ASSIGNMENT
Only the lines from the line that contains "Plentygifts kerstsok goede hond zwart" through the final line of the entries below belong in your answer, copied exactly and without pictures.

-- AVAILABLE RECORDS follows --

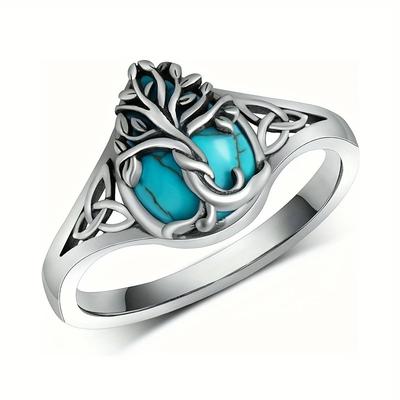 Luxus Vintage Imitation Thai Silber Hexenring Mode Damen Keltisch Wikinger Türkis Verdrehter Ring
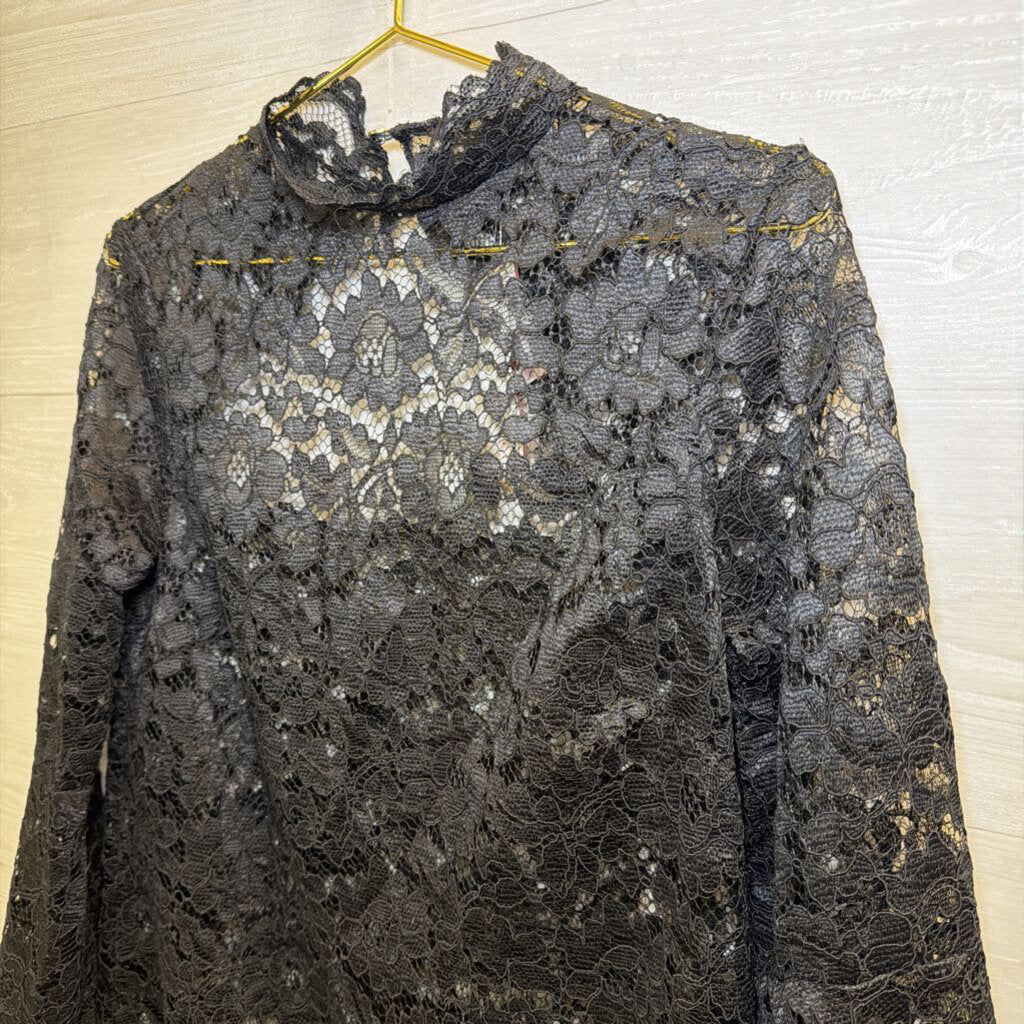 Zack Black Lace Long Sleeve Mock Neck Top 12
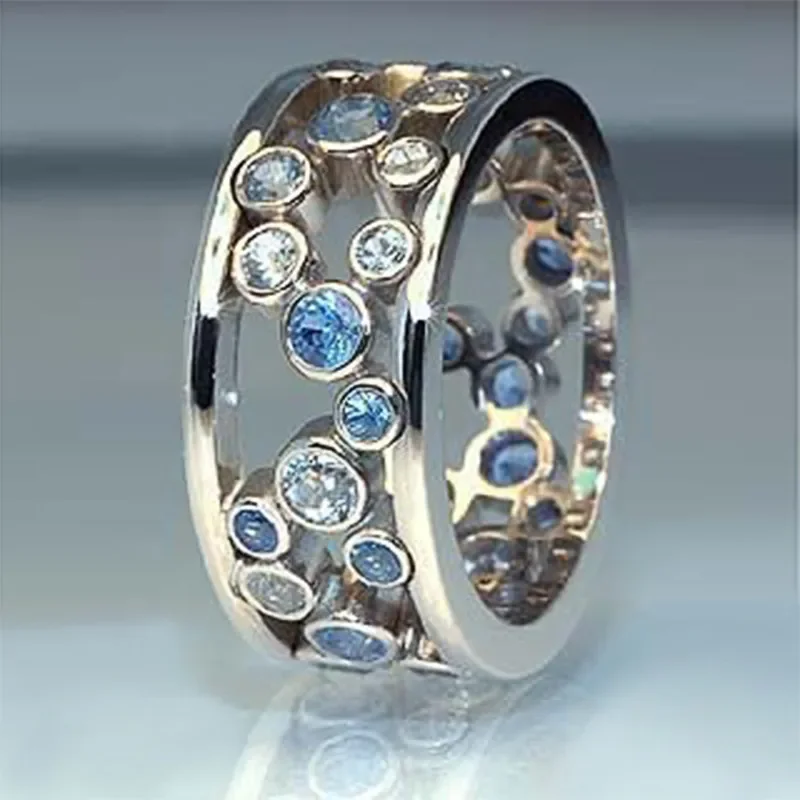 2024 New Hollow Out Blue White Zircon Shining Diamond Ring Alternating  Design Women's  Ball Versatile Fashion Jewelry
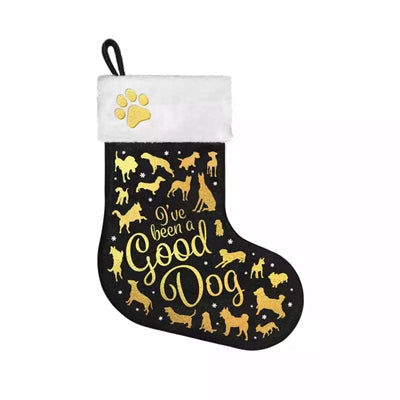 Plentygifts kerstsok goede hond zwart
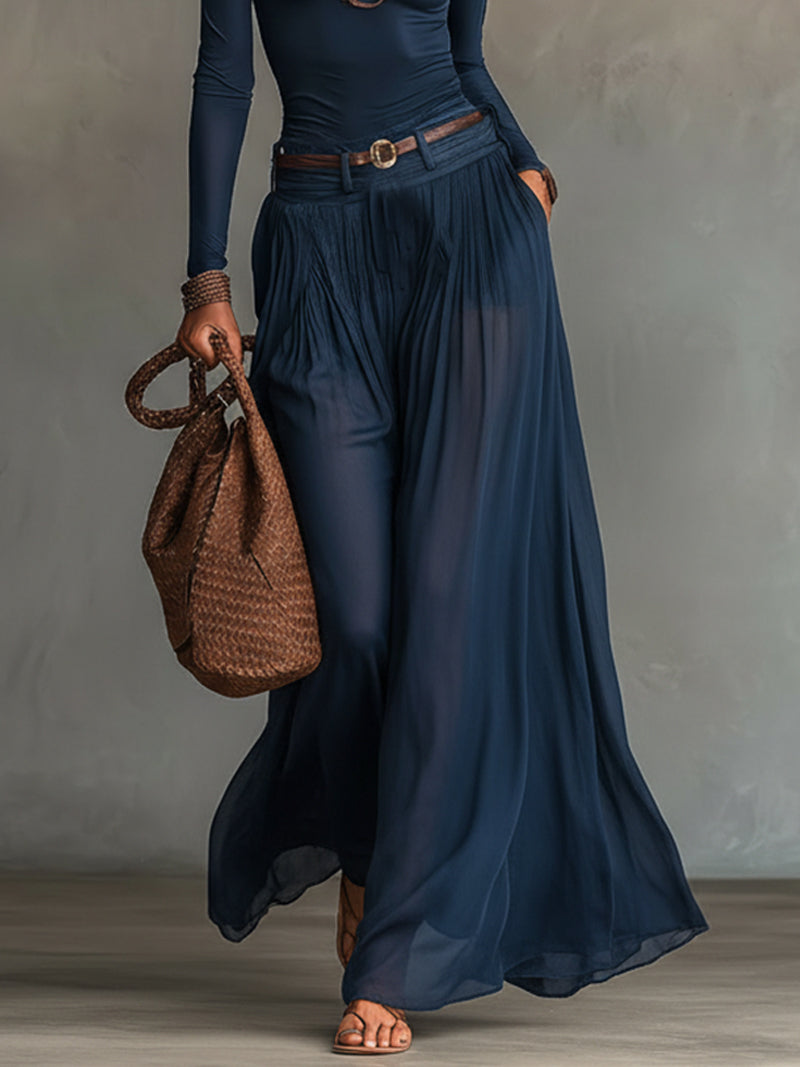 Navy Blue One-shoulder Top And Sheer Tulle Skirt Two-piece Set(with belt)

-- AVAILABLE RECORDS concluded --

EXPECTED ANSWER
 Plentygifts kerstsok goede hond zwart
 Navy Blue One-shoulder Top And Sheer Tulle Skirt Two-piece Set(with belt)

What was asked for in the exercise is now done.